→ Description of the task
Set down the records exactly as they stand, except for any pictures, which you should omit.

→ Task data
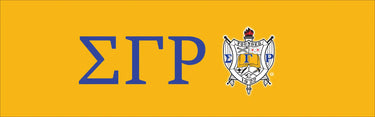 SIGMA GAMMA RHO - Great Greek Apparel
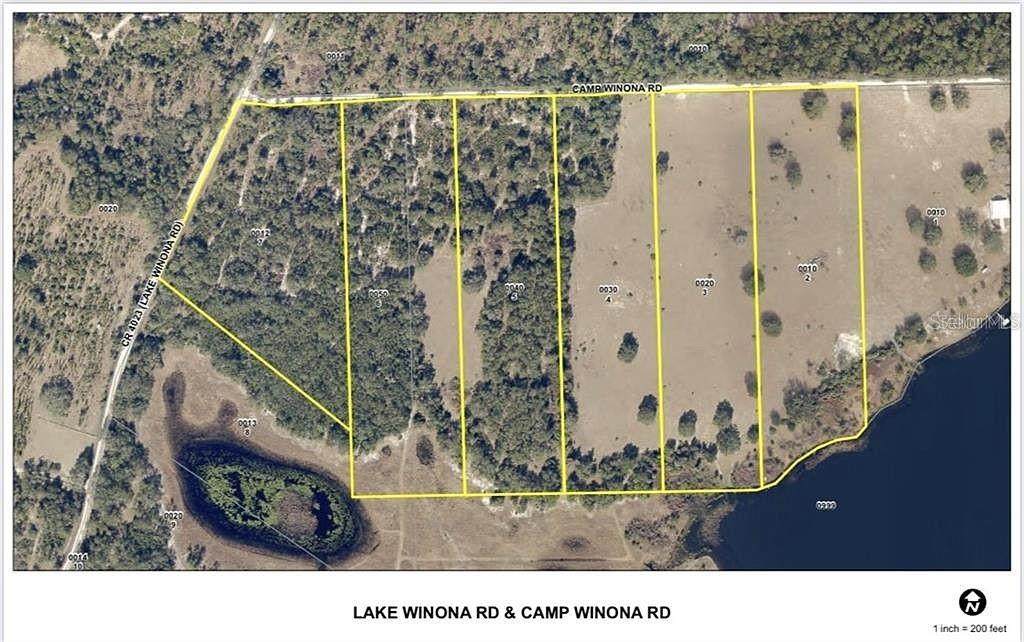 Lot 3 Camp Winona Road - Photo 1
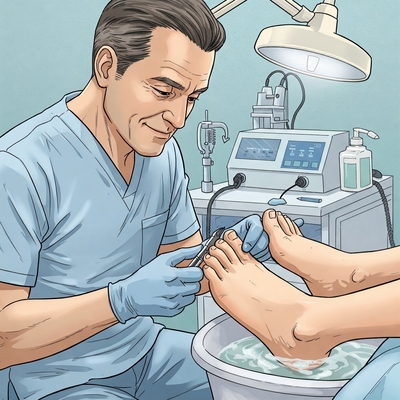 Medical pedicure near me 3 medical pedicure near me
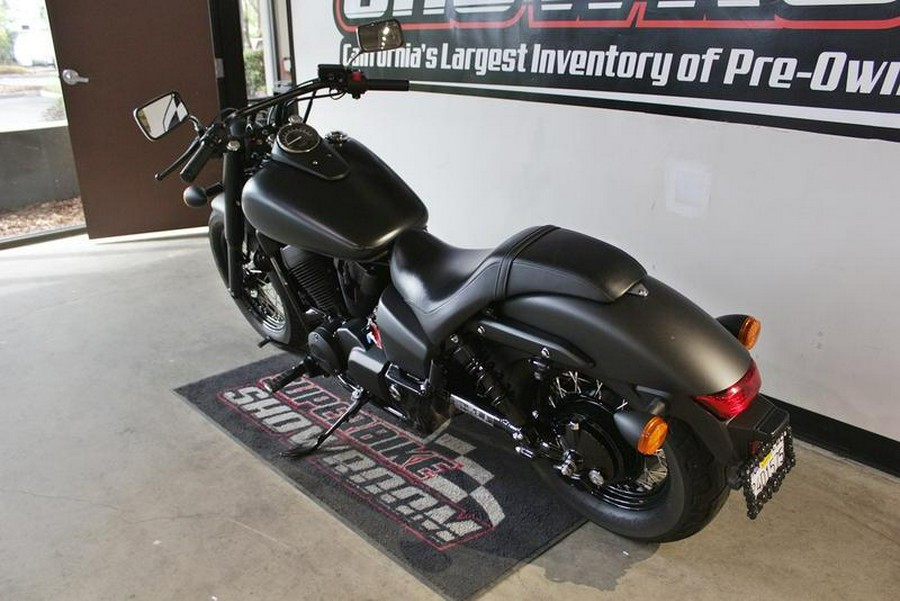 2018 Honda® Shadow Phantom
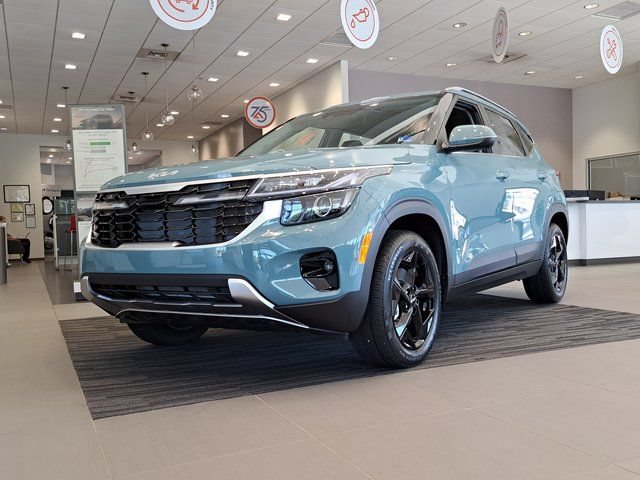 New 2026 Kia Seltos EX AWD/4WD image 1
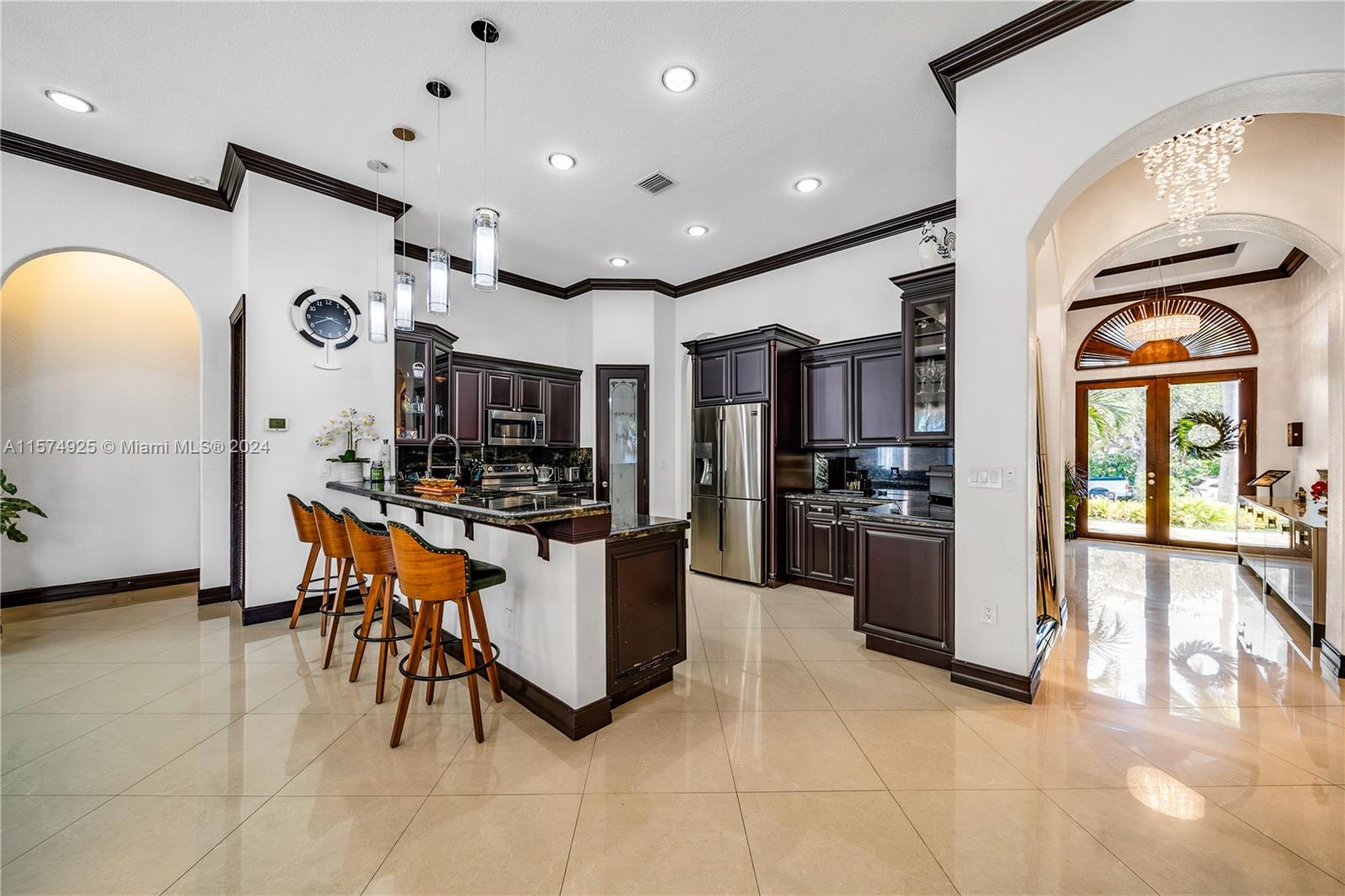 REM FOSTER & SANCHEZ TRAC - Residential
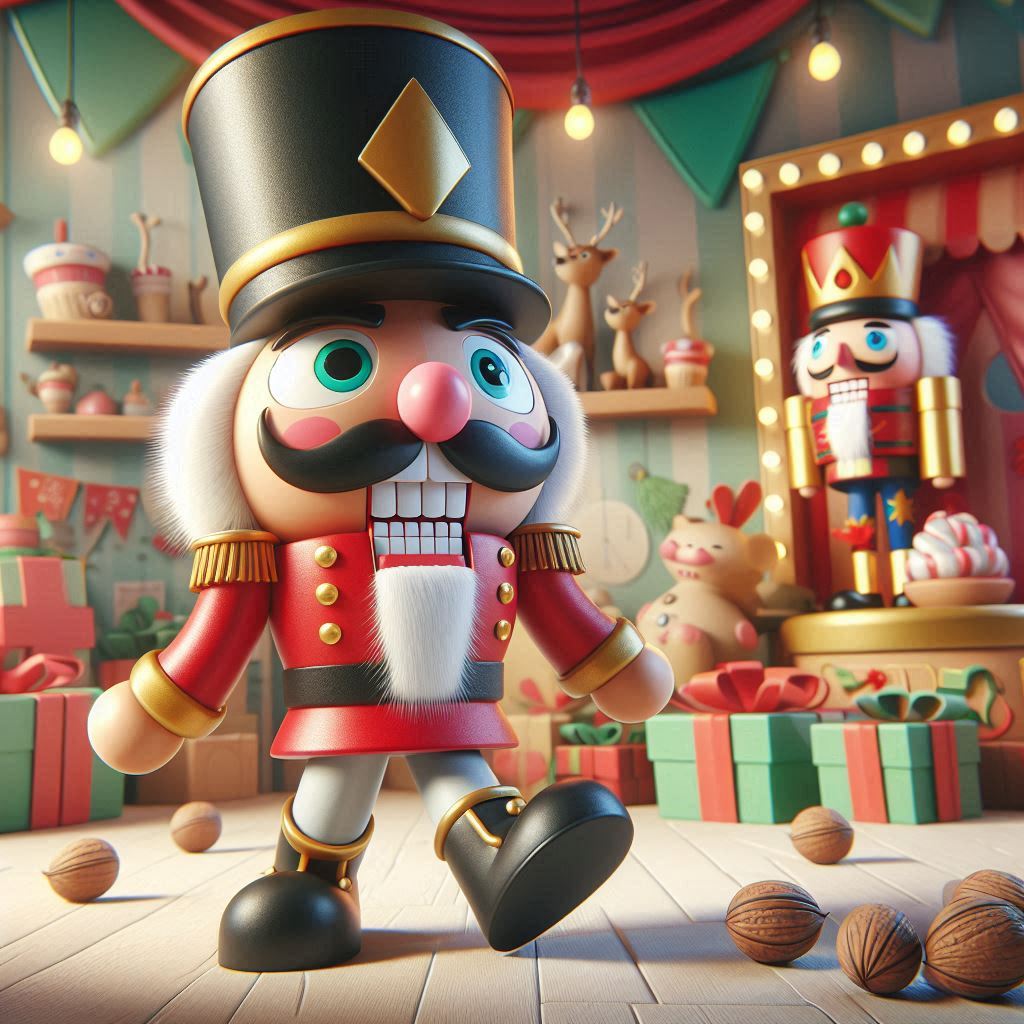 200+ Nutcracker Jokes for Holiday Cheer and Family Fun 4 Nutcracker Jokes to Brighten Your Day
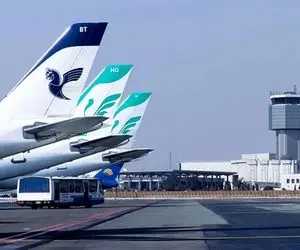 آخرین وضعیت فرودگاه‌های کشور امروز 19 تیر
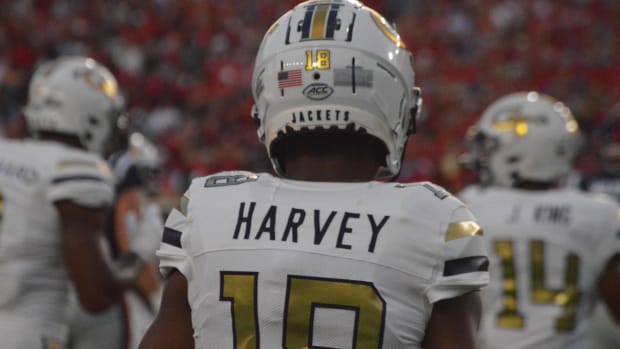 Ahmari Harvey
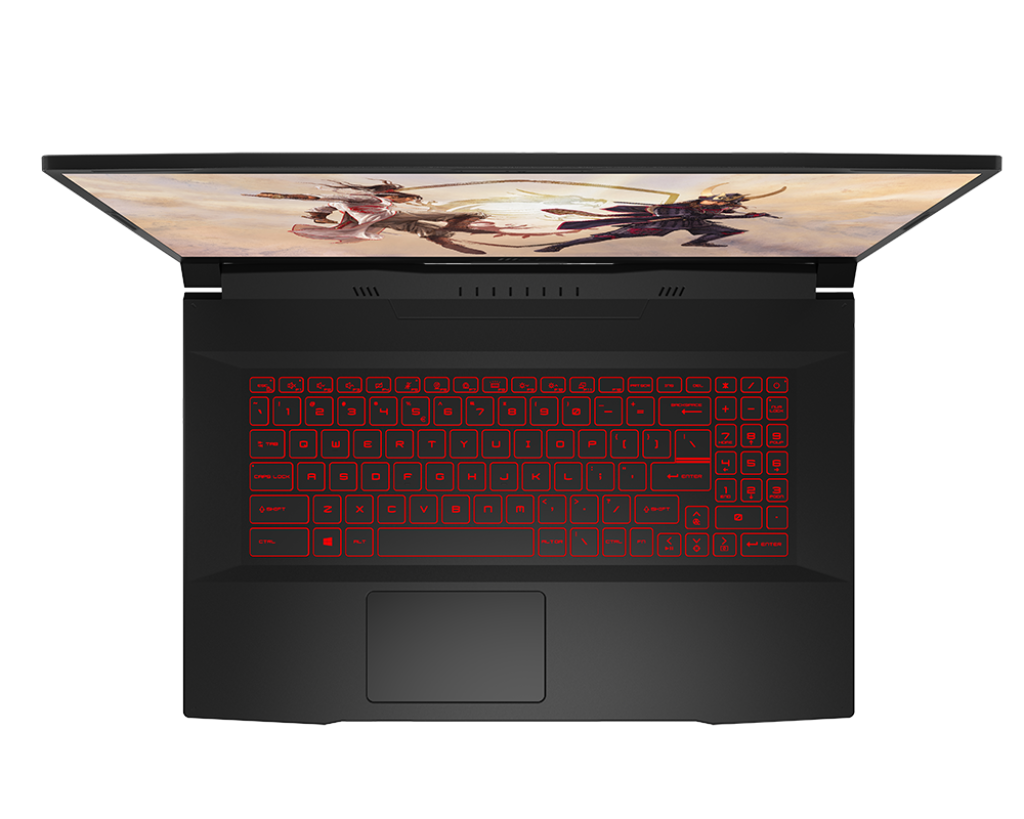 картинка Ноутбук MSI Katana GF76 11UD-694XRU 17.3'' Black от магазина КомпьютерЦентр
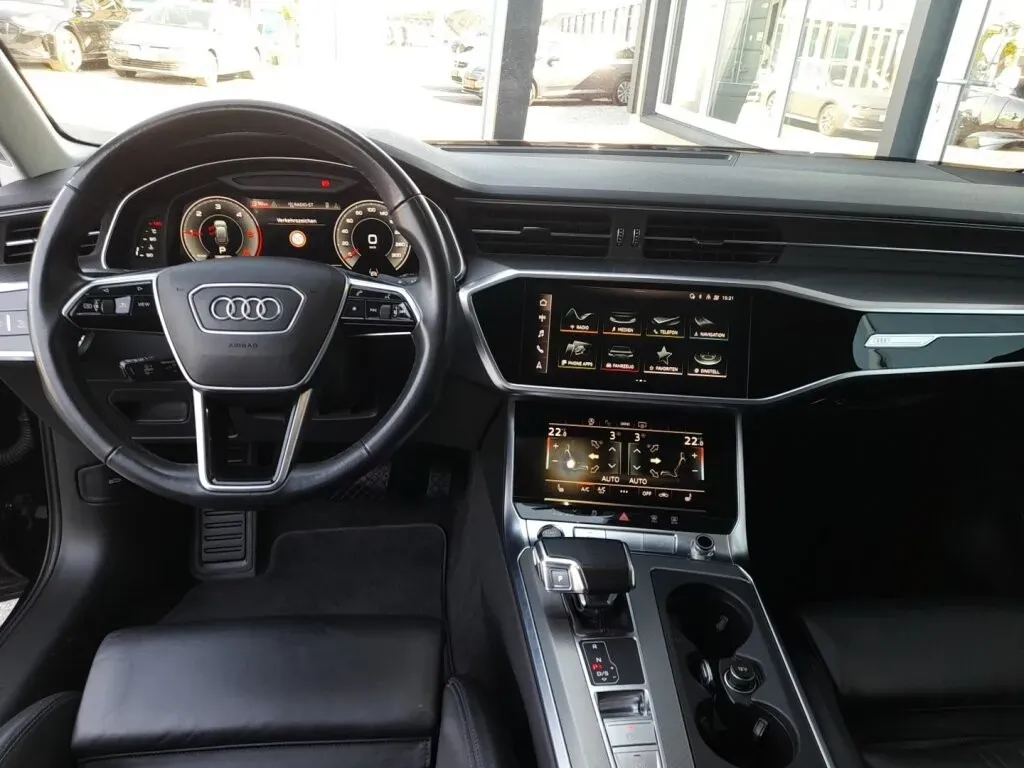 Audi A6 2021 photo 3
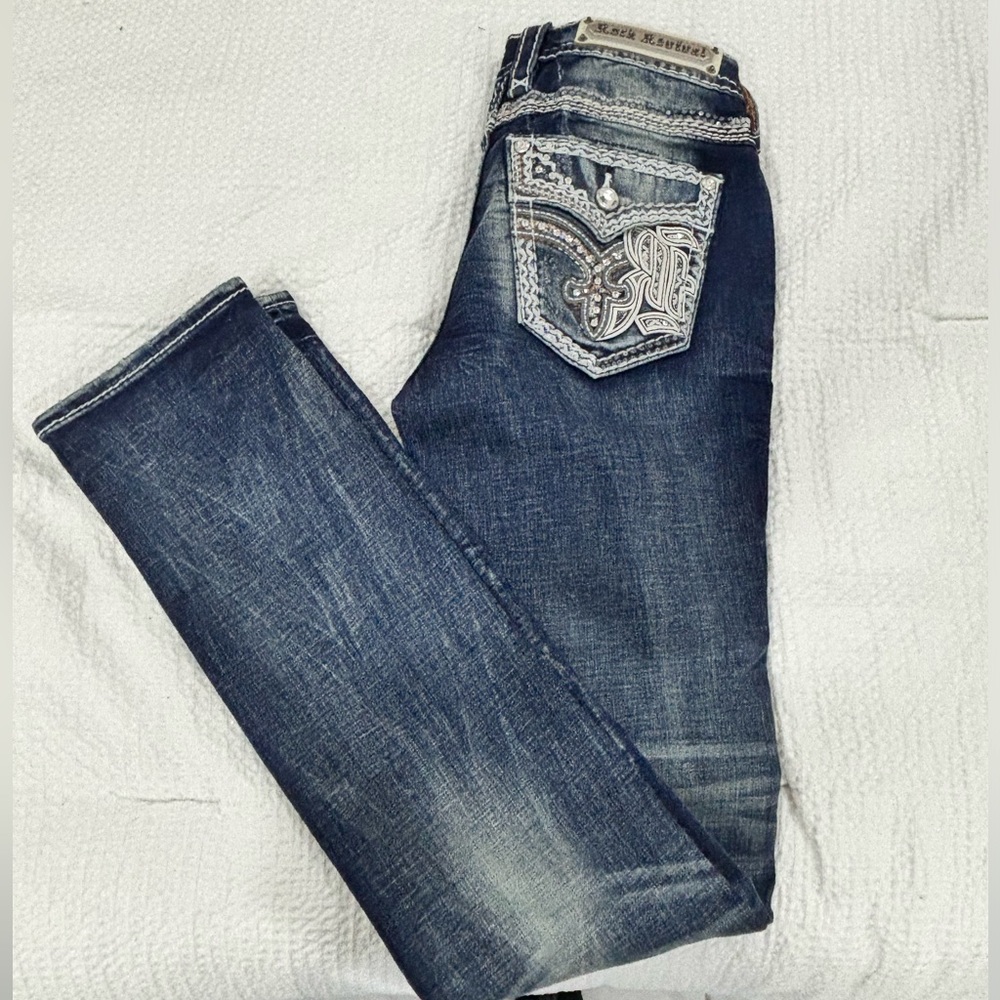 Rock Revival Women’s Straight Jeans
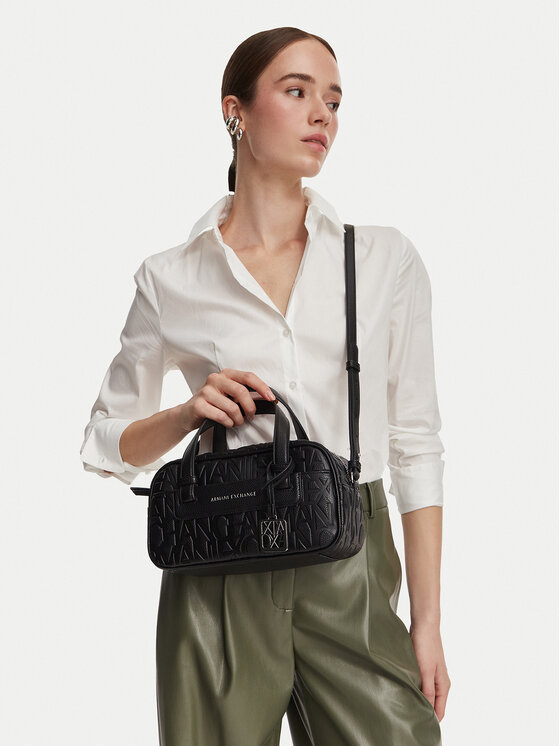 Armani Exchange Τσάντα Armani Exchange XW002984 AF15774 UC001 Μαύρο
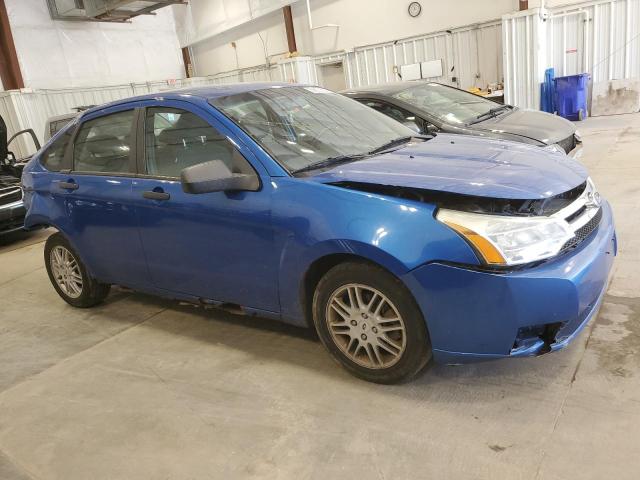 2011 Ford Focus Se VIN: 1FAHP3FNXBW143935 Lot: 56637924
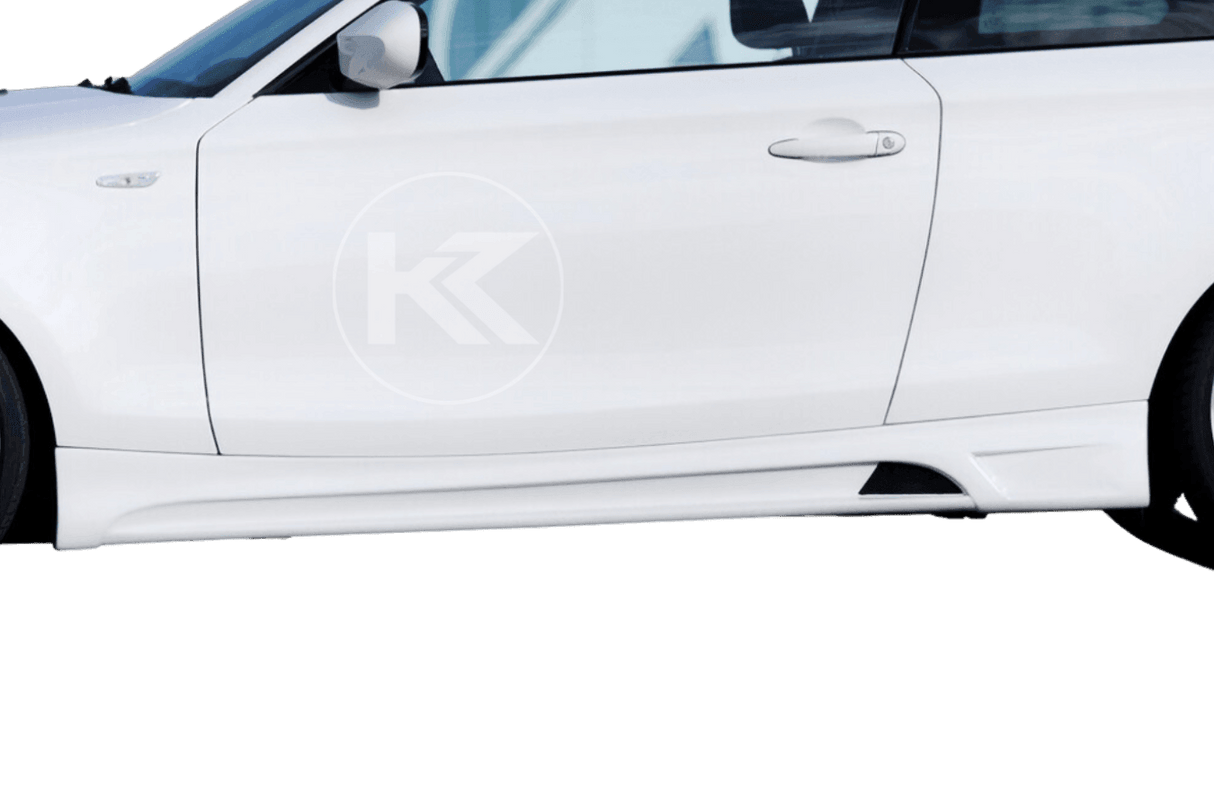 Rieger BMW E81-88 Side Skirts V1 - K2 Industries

→ Exercise result
 SIGMA GAMMA RHO - Great Greek Apparel
 Lot 3 Camp Winona Road - Photo 1
 Medical pedicure near me 3 medical pedicure near me
 2018 Honda® Shadow Phantom
 New 2026 Kia Seltos EX AWD/4WD image 1
 REM FOSTER & SANCHEZ TRAC - Residential
 200+ Nutcracker Jokes for Holiday Cheer and Family Fun 4 Nutcracker Jokes to Brighten Your Day
 آخرین وضعیت فرودگاه‌های کشور امروز 19 تیر
 Ahmari Harvey
 картинка Ноутбук MSI Katana GF76 11UD-694XRU 17.3'' Black от магазина КомпьютерЦентр
 Audi A6 2021 photo 3
 Rock Revival Women’s Straight Jeans
 Armani Exchange Τσάντα Armani Exchange XW002984 AF15774 UC001 Μαύρο
 2011 Ford Focus Se VIN: 1FAHP3FNXBW143935 Lot: 56637924
 Rieger BMW E81-88 Side Skirts V1 - K2 Industries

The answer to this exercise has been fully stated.